En todo caso, lo más preocupante pueden ser los efectos aparentemente no contemplados, que incluso pueden provocar consecuencias opuestas a lo que públicamente se afirma que se pretende. Como decía el inolvidable Luis Toharia, “los únicos efectos grandes que suelen tener los cambios normativos del mercado de trabajo son precisamente aquellos que nadie previó”. Y justamente esto es lo que puede suceder con la actual reforma. Basten dos ejemplos.
Por un lado, algunas de las medidas adoptadas en materia de contratación y de despido pueden provocar un efecto de reforzamiento de la rotación en el mercado de trabajo, con debilitamiento práctico de la estabilidad en el empleo y mantenimiento de la dualidad del mercado de trabajo. Por ejemplo, el nuevo potente contrato para empresas de menos de 50 trabajadores, al desnaturalizar la figura del periodo de prueba (al extremo de que provoca dudas respecto de su compatibilidad con la exigencia constitucional de causalidad de la extinción contractual) puede dar lugar a una generalización de contratos formalmente indefinidos pero que en la práctica no duren más allá del año; o bien que se extingan a los tres años de duración, cuando concluya el período bonificado por las ayudas públicas. Es fácil que esta regulación de la nueva modalidad contractual, sin quererlo, invite al encadenamiento de contratos, ya que ni se prohíbe la sustitución por otro de igual naturaleza con otro trabajador a su conclusión, ni se exige que con el mismo se produzca una creación neta de empleo.

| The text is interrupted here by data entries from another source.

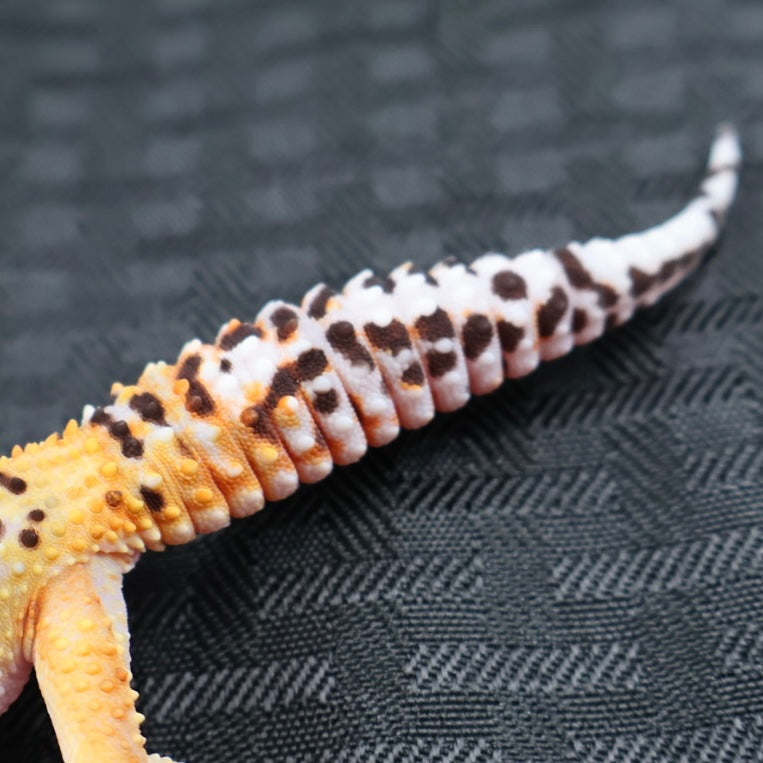 (#18) Tangerine Stripe Leopard Gecko – Female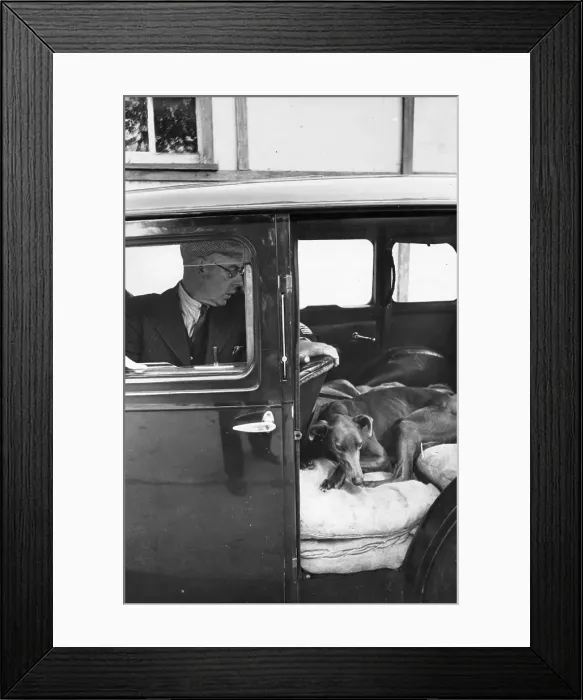 Framed Print : Dog In Car Framed Print : Dog In Car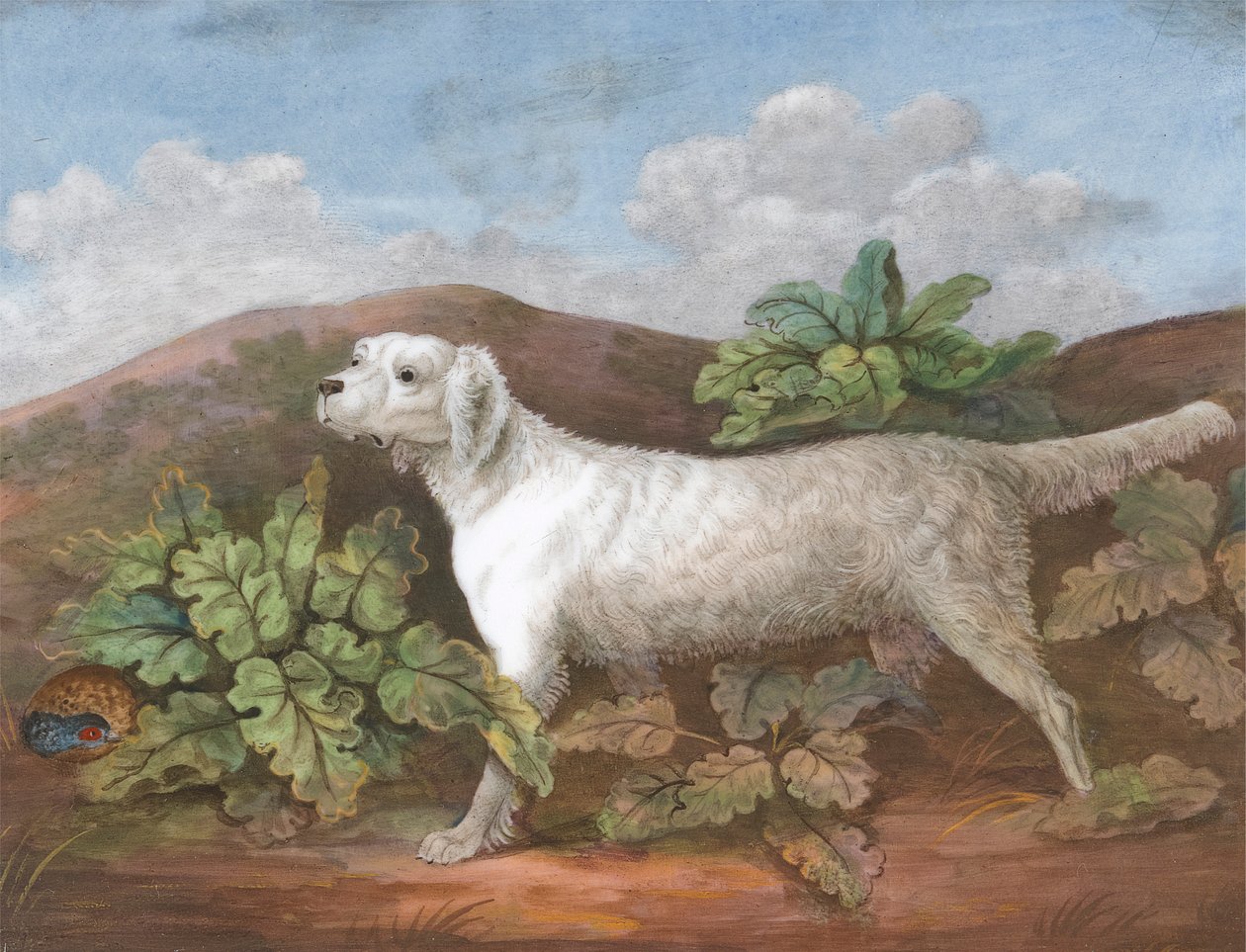 A Setter: Facing Left, with a Partridge Hiding among Burdocks on the Left by Unknown artist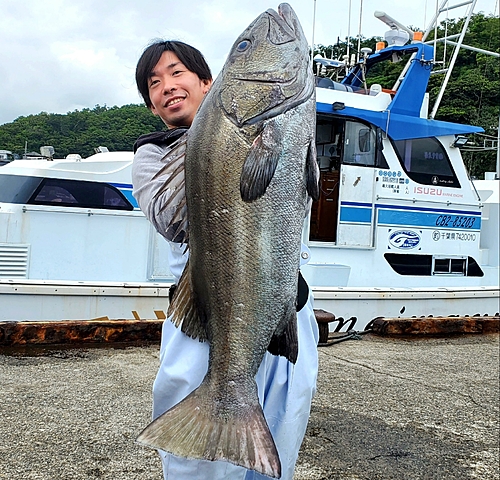 イシナギの釣果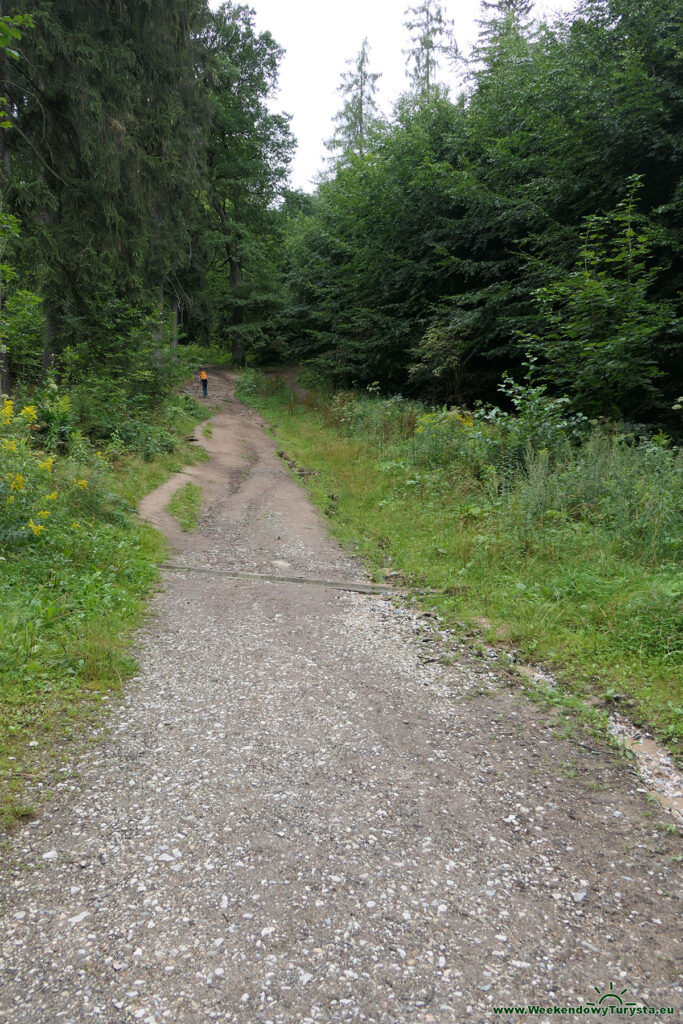 Zielony szlak do Schroniska Szwajcarka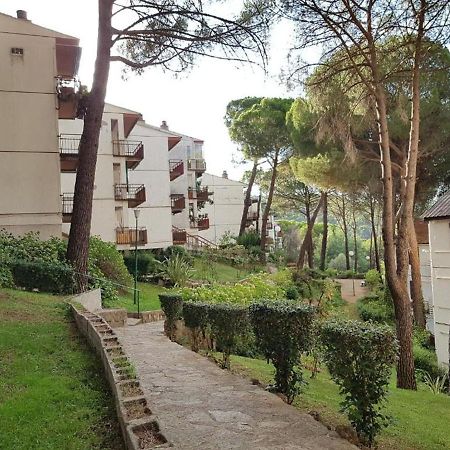 Casa Pini Apartamento San Martín de Valdeiglesias Exterior foto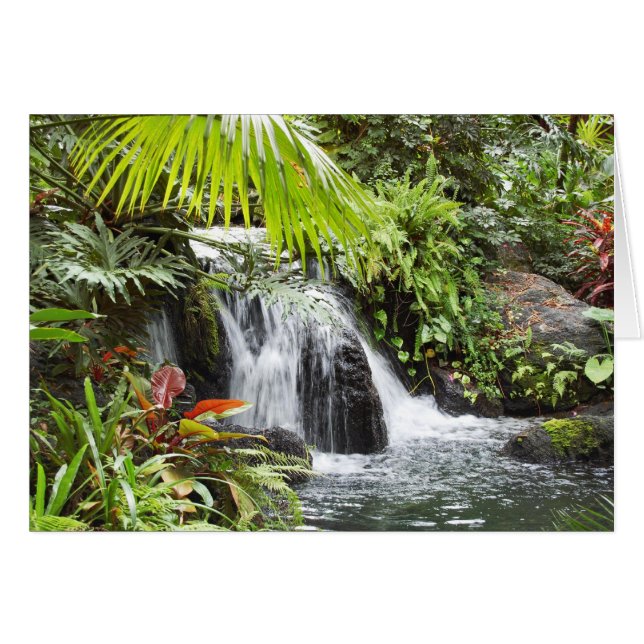 Tropical (Anverso (Horizontal))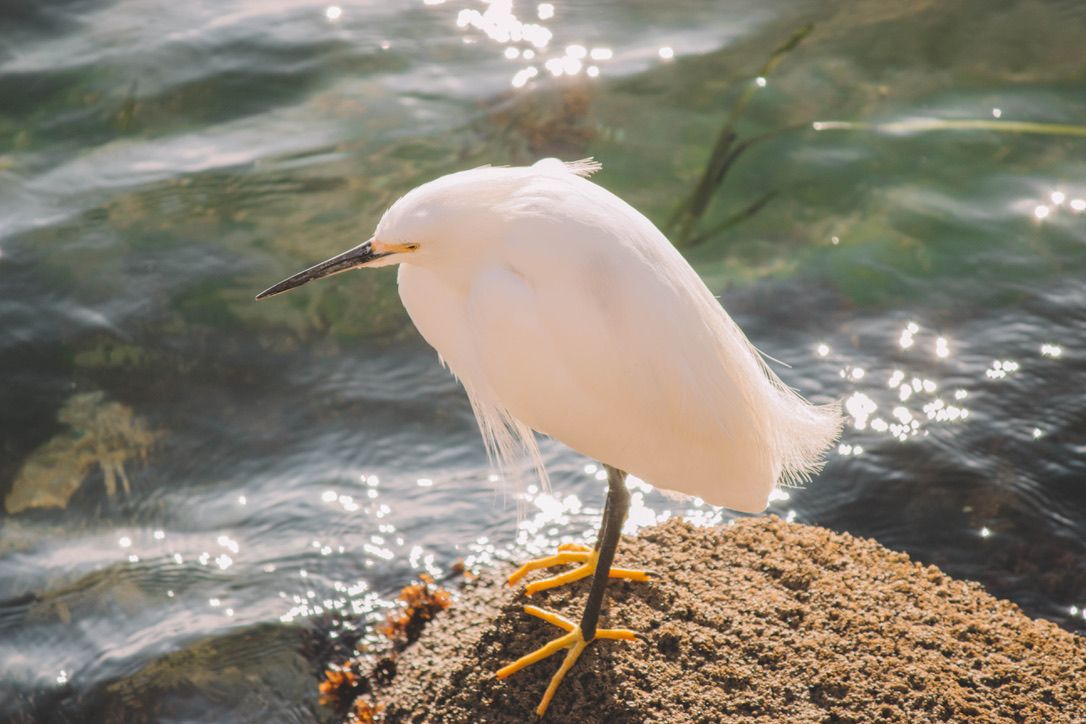 A snowy egret standing on a rocky surface near sparkling water.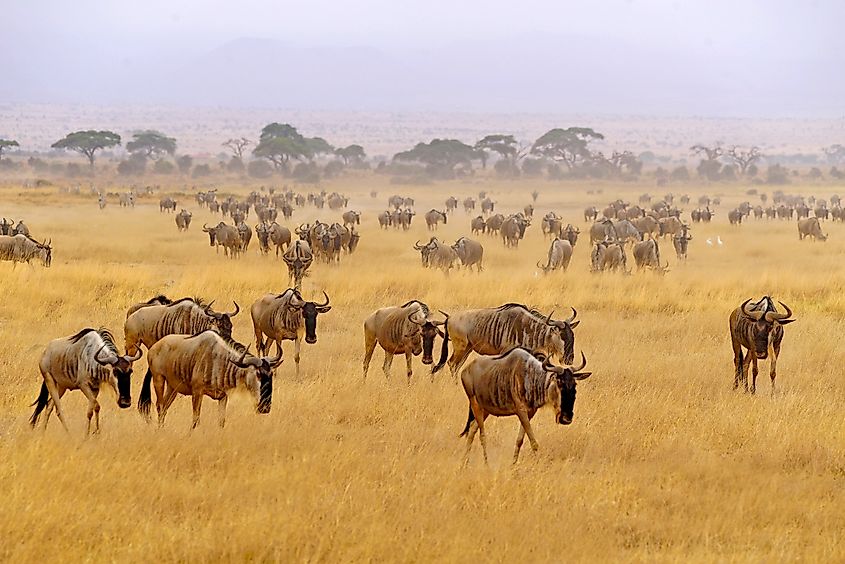 A herd of wildebeests in the savannah in Kenya. 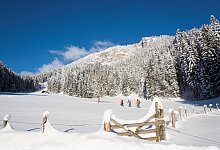 Schneetour - Foto: Franz Gerdl/dpa-tmn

De otro lado, la universalización de los mecanismos de descuelgue de los convenios colectivos puede provocar un efecto distorsionador de nuestra negociación colectiva, con resultados negativos de muy diversa índole para los intereses de unos y de otros. La amplitud de las causas justificativas, que no se conectan con los riesgos de destrucción de empleo ni siquiera precisan de una situación de dificultad económica en la empresa, unido al procedimiento de inaplicación que se contempla, pueden dar lugar a una nada aconsejable desarticulación de nuestro sistema de negociación colectiva, que con todos sus defectos no es conveniente debilitar. A mayor abundamiento, el mecanismo acaba materialmente imponiendo un arbitraje obligatorio, por mucho que éste se camufle, incurriendo una vez más en los problemas en otras ocasiones detectados de inconstitucionalidad de este tipo de fórmulas.